Please reproduce the listing word for word. Pictures stay out.

Supplied data:
= Beginning of Section =
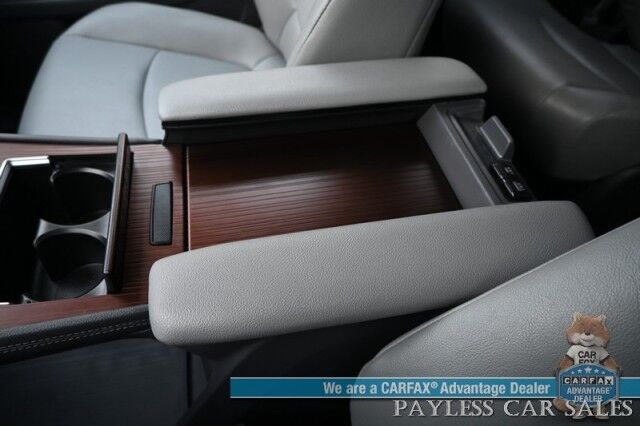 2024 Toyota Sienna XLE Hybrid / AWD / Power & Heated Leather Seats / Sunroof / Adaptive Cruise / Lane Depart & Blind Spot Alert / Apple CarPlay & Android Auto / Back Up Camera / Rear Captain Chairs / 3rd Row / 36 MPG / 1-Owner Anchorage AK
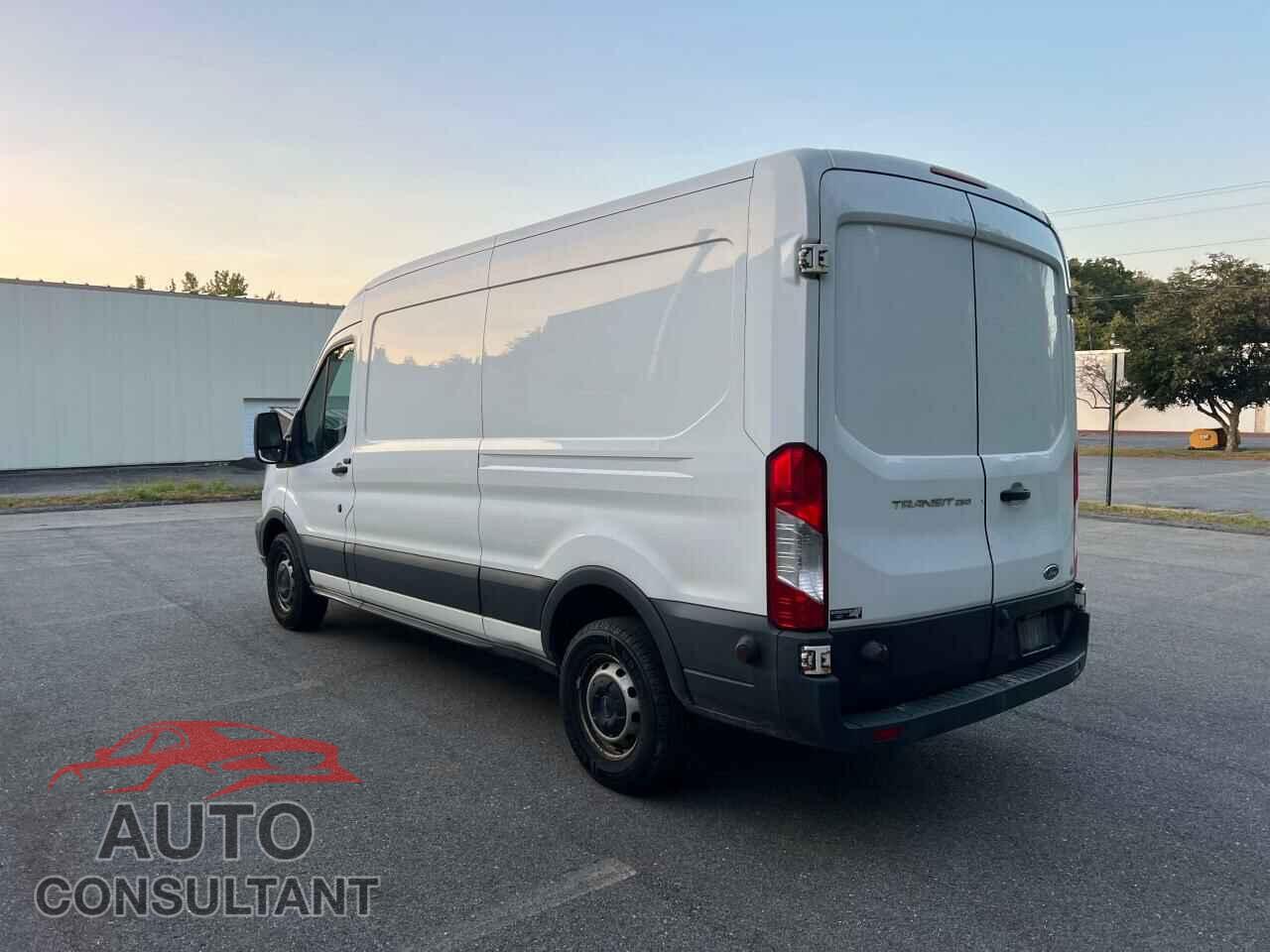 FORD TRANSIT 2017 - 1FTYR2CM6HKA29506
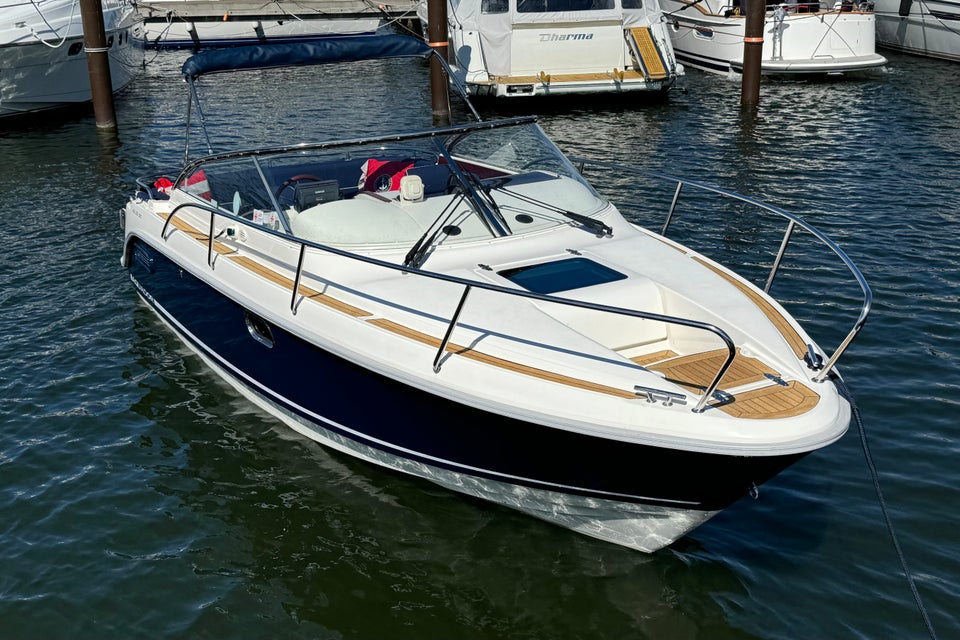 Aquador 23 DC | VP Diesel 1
= End of Section =
Reply:
 2024 Toyota Sienna XLE Hybrid / AWD / Power & Heated Leather Seats / Sunroof / Adaptive Cruise / Lane Depart & Blind Spot Alert / Apple CarPlay & Android Auto / Back Up Camera / Rear Captain Chairs / 3rd Row / 36 MPG / 1-Owner Anchorage AK
 FORD TRANSIT 2017 - 1FTYR2CM6HKA29506
 Aquador 23 DC | VP Diesel 1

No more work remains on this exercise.